Your assignment – Could you copy the records below exactly, keeping none of the images?

Caption-style text data

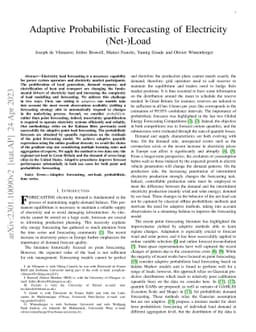 Adaptive Probabilistic Forecasting of Electricity (Net-)Load
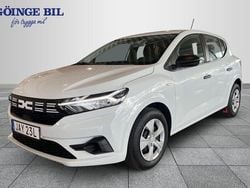 Vit Ny 2024 Dacia Sandero Essentiel Halvkombi | 169 000 kr (Marknadspris)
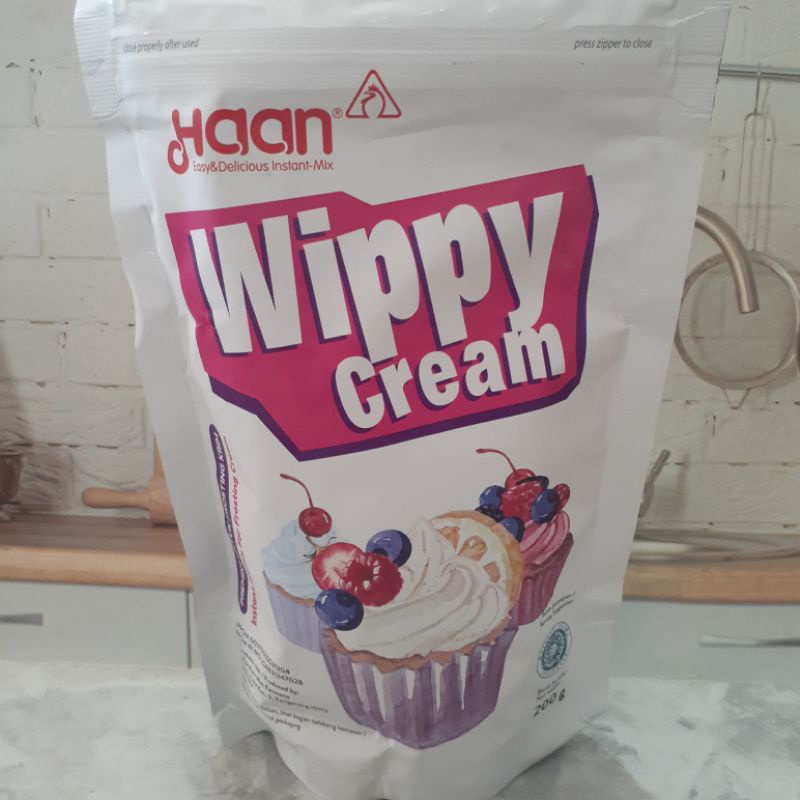 

Whip Cream Haan Wippy Cream Pouch 200g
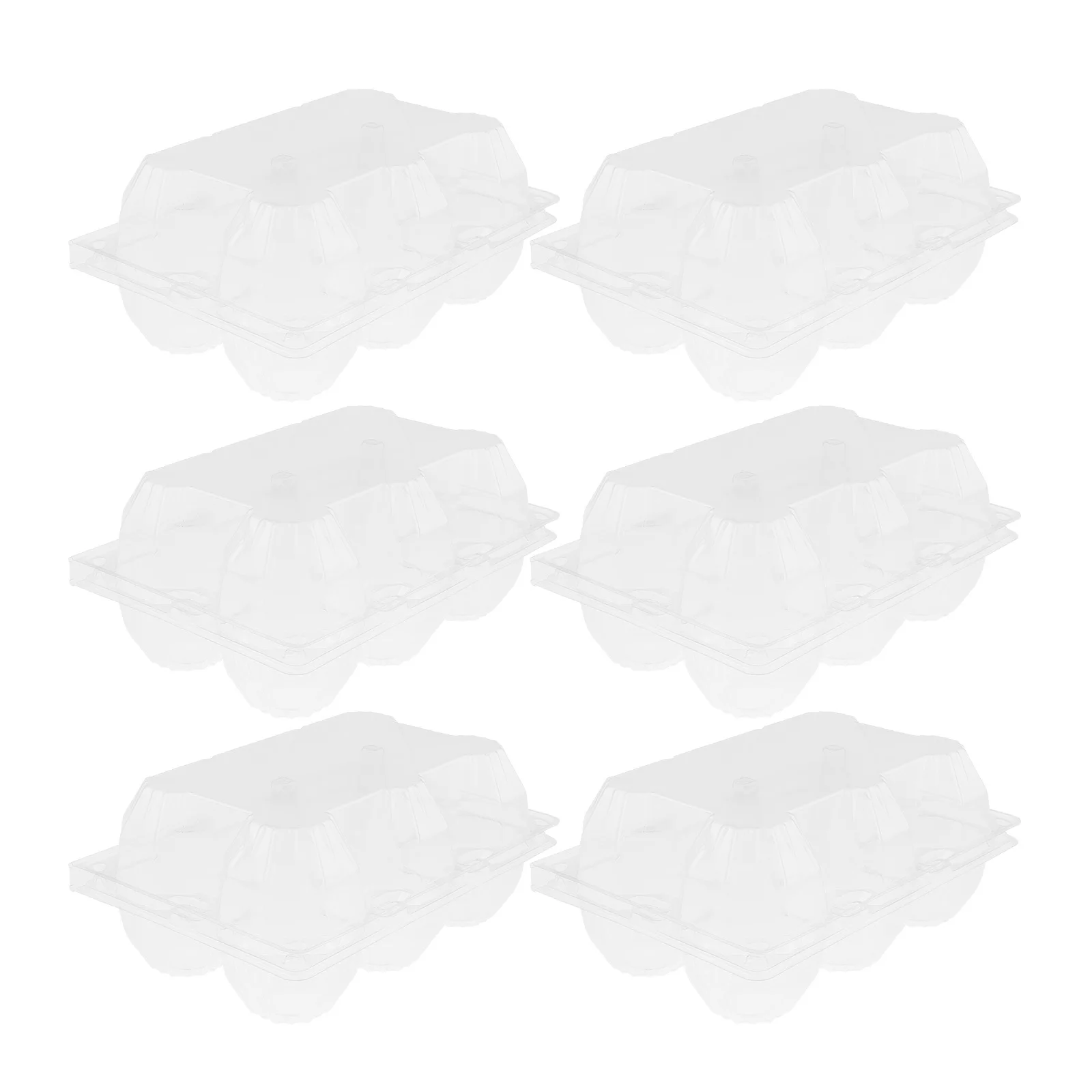 

6Pcs Transparent Egg Box 6-Slot Clear Plastic Egg Holder Kitchen Organizer Storage Container Eggs Carton Storage Boxes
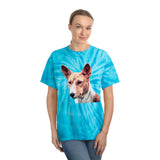 Basenji Unisex Cotton Tie-Dye Tee, Cyclone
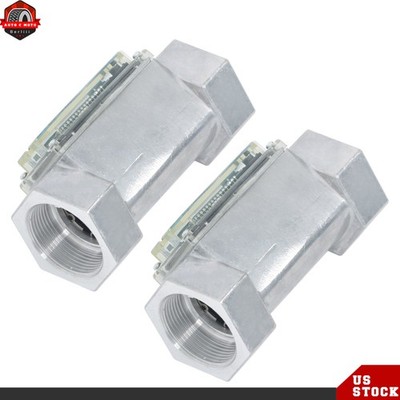 2Pack 1.5'' Digital Turbine Flow Meter, LCD Display, Flow Rate of 10.5-74 GPM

Answer box –
 Adaptive Probabilistic Forecasting of Electricity (Net-)Load
 Vit Ny 2024 Dacia Sandero Essentiel Halvkombi | 169 000 kr (Marknadspris)

Whip Cream Haan Wippy Cream Pouch 200g

6Pcs Transparent Egg Box 6-Slot Clear Plastic Egg Holder Kitchen Organizer Storage Container Eggs Carton Storage Boxes
 Basenji Unisex Cotton Tie-Dye Tee, Cyclone
 2Pack 1.5'' Digital Turbine Flow Meter, LCD Display, Flow Rate of 10.5-74 GPM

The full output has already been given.